____ Source data

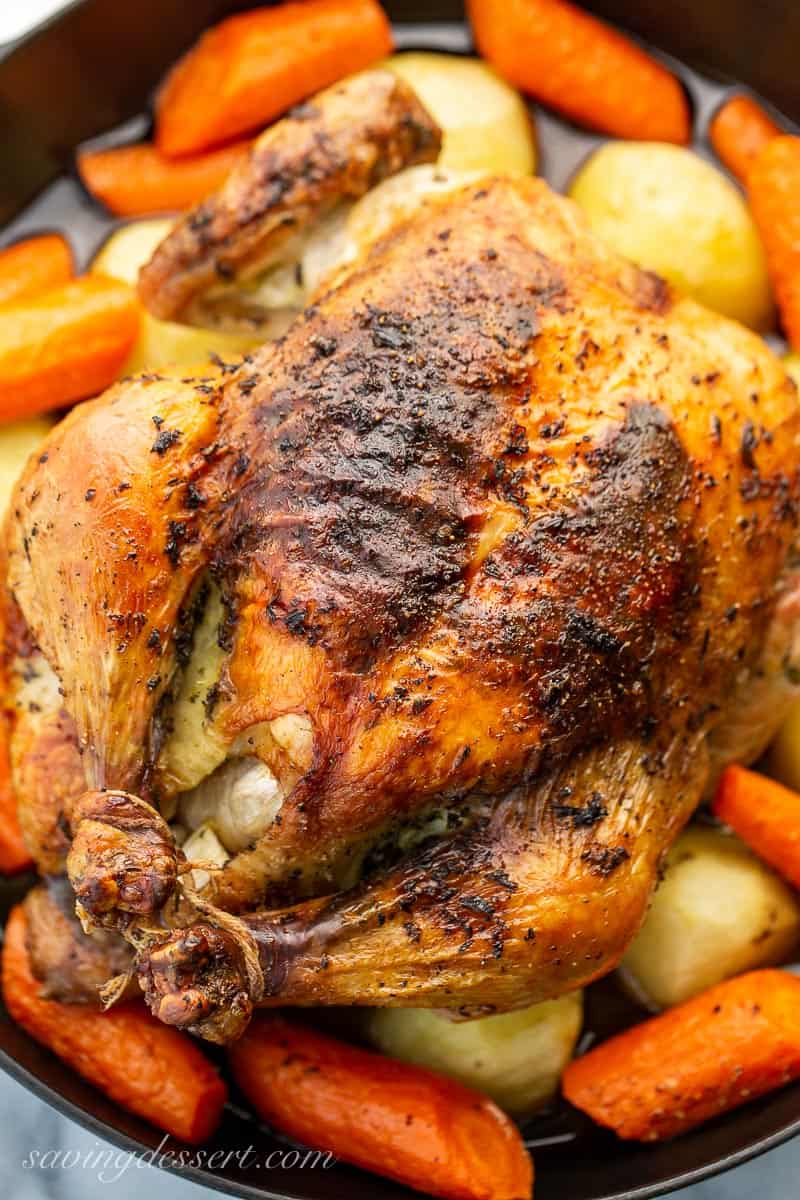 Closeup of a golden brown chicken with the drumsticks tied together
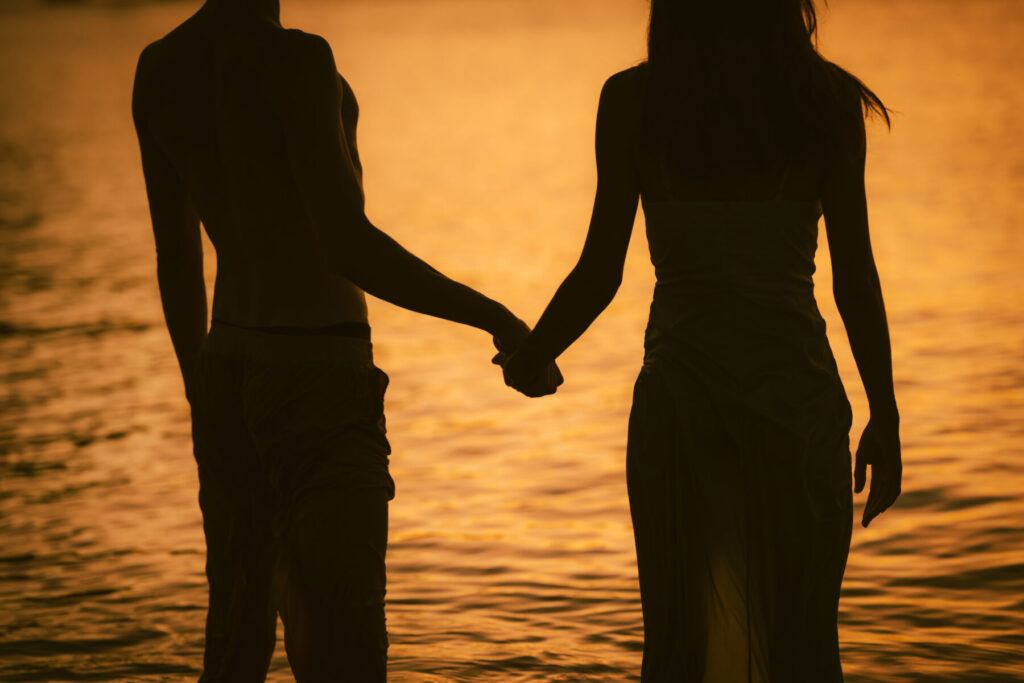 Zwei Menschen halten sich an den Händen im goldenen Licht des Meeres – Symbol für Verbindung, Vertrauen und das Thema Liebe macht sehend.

________
____ Source data

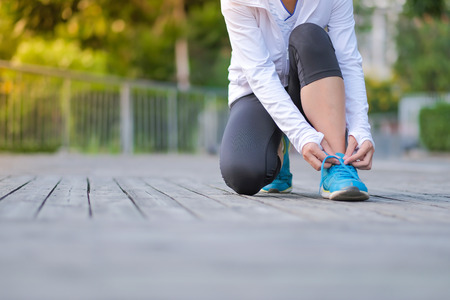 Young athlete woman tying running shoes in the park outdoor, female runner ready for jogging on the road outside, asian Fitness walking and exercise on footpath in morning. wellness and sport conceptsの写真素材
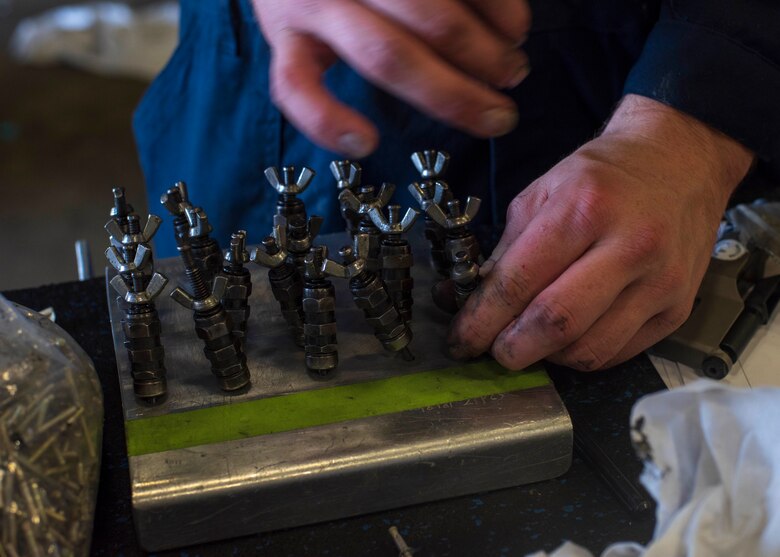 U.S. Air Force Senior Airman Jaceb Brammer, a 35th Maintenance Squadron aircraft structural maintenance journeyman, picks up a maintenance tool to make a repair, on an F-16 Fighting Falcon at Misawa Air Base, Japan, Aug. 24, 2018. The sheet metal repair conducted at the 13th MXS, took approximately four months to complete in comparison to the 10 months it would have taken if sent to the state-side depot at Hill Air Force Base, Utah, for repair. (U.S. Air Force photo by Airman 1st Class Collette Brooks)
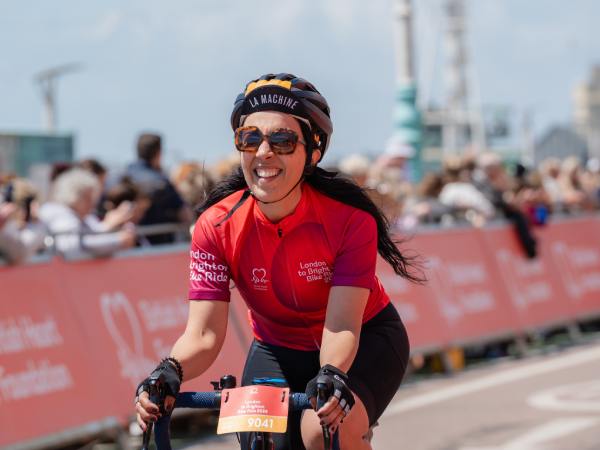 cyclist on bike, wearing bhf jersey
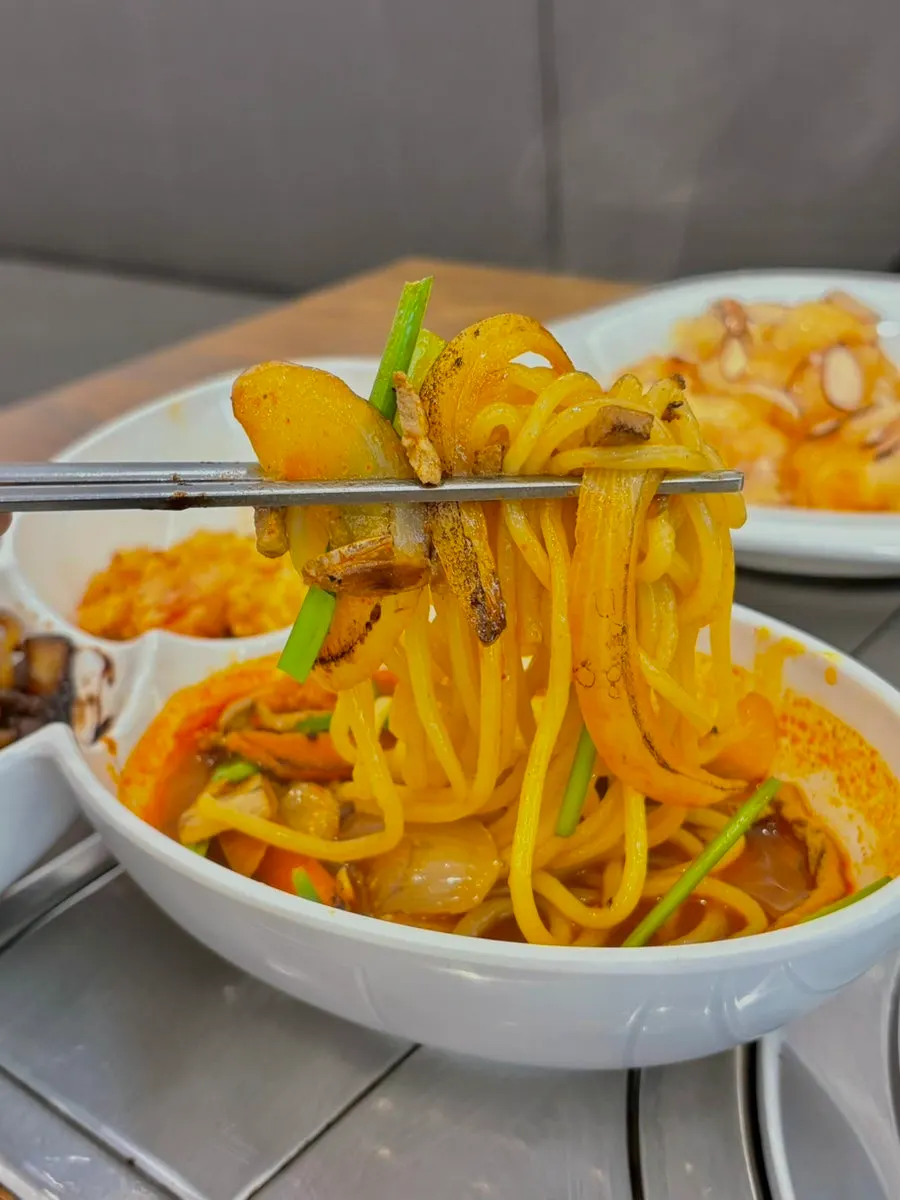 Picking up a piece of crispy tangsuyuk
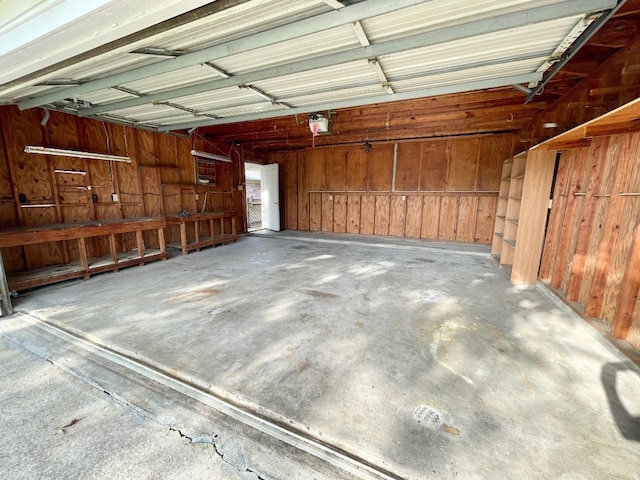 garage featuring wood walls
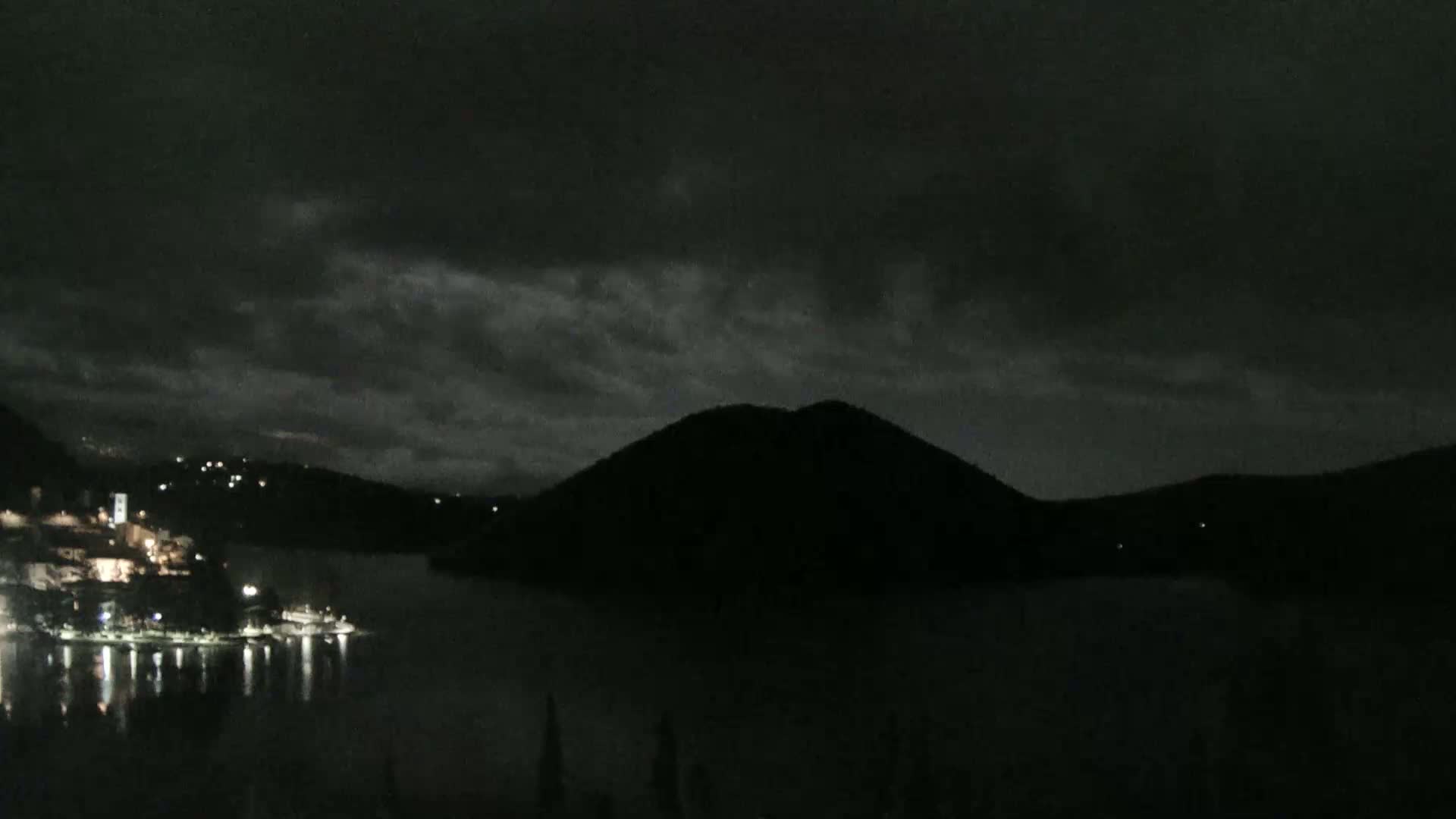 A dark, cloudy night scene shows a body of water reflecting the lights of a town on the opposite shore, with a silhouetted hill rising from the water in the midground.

________

Task prompt:
The material above holds pictures; leave them out. Repeat exactly the lines from the one containing "U.S. Air Force Senior" through the one containing "A dark, cloudy", and nothing else.

Task result:
 U.S. Air Force Senior Airman Jaceb Brammer, a 35th Maintenance Squadron aircraft structural maintenance journeyman, picks up a maintenance tool to make a repair, on an F-16 Fighting Falcon at Misawa Air Base, Japan, Aug. 24, 2018. The sheet metal repair conducted at the 13th MXS, took approximately four months to complete in comparison to the 10 months it would have taken if sent to the state-side depot at Hill Air Force Base, Utah, for repair. (U.S. Air Force photo by Airman 1st Class Collette Brooks)
 cyclist on bike, wearing bhf jersey
 Picking up a piece of crispy tangsuyuk
 garage featuring wood walls
 A dark, cloudy night scene shows a body of water reflecting the lights of a town on the opposite shore, with a silhouetted hill rising from the water in the midground.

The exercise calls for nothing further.